Unfortunately, lovely as it is, Sting’s rendition of Gabriel’s Message also seems out of place on A Very Special Christmas. It’s a wonderfully moody and medieval chant of solstice miracles and Christ’s birth, but it’s the shortest track here and certifiably squashed in the set listing before Christmas in Hollis. Run-D.M.C.’s head nodding rap single recounts a great story of Santa, family cooking, and good times indeed. Perhaps this is also out of place vintage hip hop among the other decidedly poptastic selections, but it’s all in such cool, festive fun that we don’t mind. U2 also delivers dang fine with Christmas Baby Please Come Home thanks to Bono’s strong, happening vocal. He’s a little bit angry yet edgy enough and perfectly unhappy in his titular plea. My only complaint is this is too short at just over two minutes.

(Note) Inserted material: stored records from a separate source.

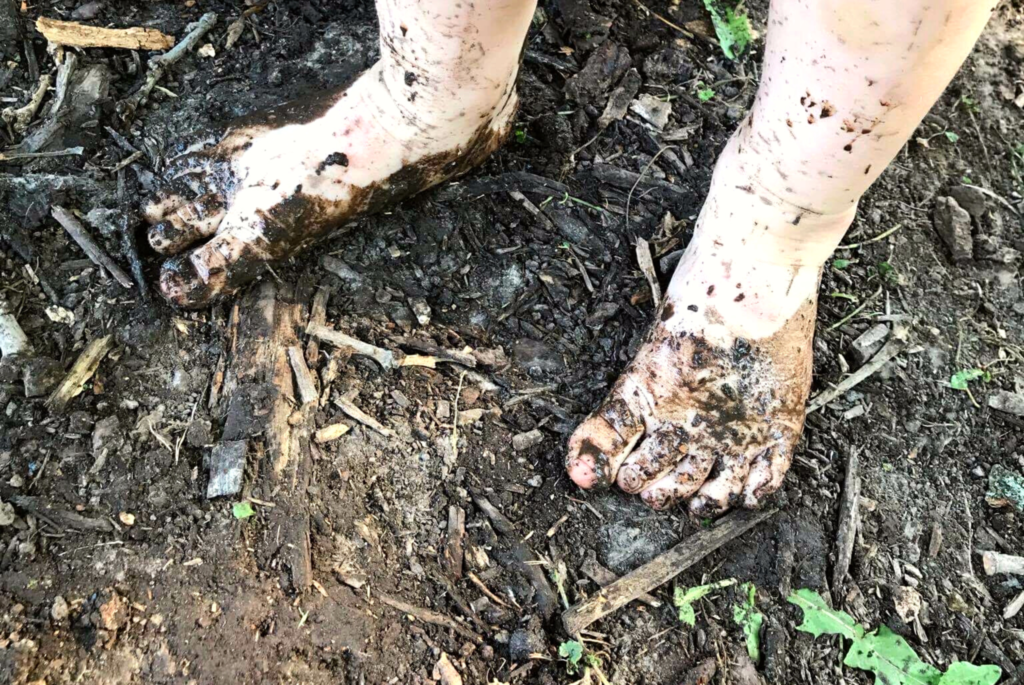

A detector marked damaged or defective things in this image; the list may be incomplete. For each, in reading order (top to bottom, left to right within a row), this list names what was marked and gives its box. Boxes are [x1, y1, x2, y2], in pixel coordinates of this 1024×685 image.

broken wood stick [36, 17, 174, 50]
broken wood stick [117, 12, 216, 121]
broken wood stick [52, 204, 133, 288]
broken wood stick [46, 334, 113, 408]
broken wood stick [808, 324, 912, 412]
broken wood stick [564, 508, 772, 636]
broken wood stick [832, 446, 856, 600]
broken wood stick [980, 548, 1024, 576]
broken wood stick [376, 592, 484, 644]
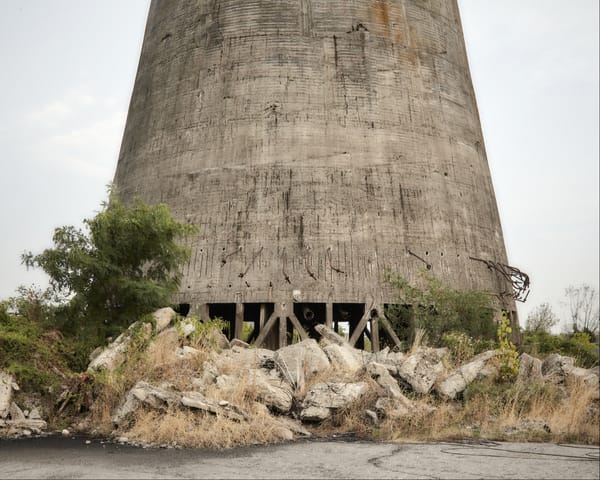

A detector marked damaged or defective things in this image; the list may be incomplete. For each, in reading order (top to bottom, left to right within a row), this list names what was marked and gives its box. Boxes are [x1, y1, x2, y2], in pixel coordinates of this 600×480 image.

rusty metal bracket [468, 256, 528, 302]
cracked asphalt [0, 436, 596, 478]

Also just as big as the original with lots of current airplay, Madonna’s Santa Baby recalls Eartha Kitt’s reissue with perfect bubble gum and kitschy. It’s not quite her usual delivery style, but it fits her then Material Girl persona and the ring a bling bling needed for this Tiffany’s ode. By contrast, The Little Drummer Boy’s low key child perspective isn’t easy to pull off, yet Bob Seger has the soulful rock range required. The rhythmic beats set the mood with increasing intensity while entering instruments finish the rousing carol. Run Rudolph Run doesn’t need to do much to be cool, and Bryan Adams harkens to the Chuck Berry original for this hip, grooving, easy to sing along with titular rift. We feel like we’ve hear this song a lot even if we haven’t necessarily heard Adams’ rendition that often. This version is live, too, with clapping and toe tapping fun to be had.
Surprisingly, Bon Jovi’s Back Door Santa misses with its holiday in full on stadium fashion. It’s tough to understand the naughty lyrics, and clearly more about the guitar set rather than any kind of seasonal sentiment. Since A Very Special Christmas is a decidedly more secular and popular album, it’s also unusual to end the session with two carols. Alison Moyet might not be as famous as the others here, but her The Coventry Carol is likewise all about some dated synthesized echoing. It’s mellow, poetic, and medieval, but also difficult to enjoy the spirituality of it thanks to the strange arrangement. Fortunately, we can count on Stevie Nicks putting the album to bed in style with Silent Night. Her superbly low vocals, backing melodies, and spiritual spins add to this already most inspiring carol. Nicks varies the traditional design just enough for more lift up while she takes her solemn time. The ad libbed confessional refrains are distinctly gospel but also hip at the same time, sending A Very Special Christmas out with a positive spiritual message.
Though readily available on CD or download along with the rest of the A Very Special Christmas charity releases, there are different reissues that swap Back Door Santa for Bon Jovi’s later I Wish Every Day Could Be Like Christmas, a much more pleasant, easy listening, but stirring tune. I’m surprised this series doesn’t go for these types of global and peace loving songs for it’s listings such as Peace on Earth or Happy Xmas (War is Over). Some of the succeeding albums often repeat the same tunes and tracks, and it really seems like there is little rhyme or reason to this debut compilation’s theme or the uneven, nay, all over the place track order. However, this mix of instant of the time singers, pop, rap, and rockers understandably capitalizes on every fan demographic and their need to buy their favorite’s potentially elusive or rare and obscure holiday single. This album ideology is in the best interest of benefitting the Special Olympics certainly, but I’m not sure such a charity model works with today’s individual download opportunities or invisible resale values. A Very Special Christmas is a little eighties preppy with a Members Only style at times, but it delivers some holiday standards and timeless gems – which is perfect for the contemporary listener’s picking and choosing playlist. Older, sophisticated audiences can collect their favorites for a nostalgic party or keep the office merry, mature, and generous with A Very Special Christmas.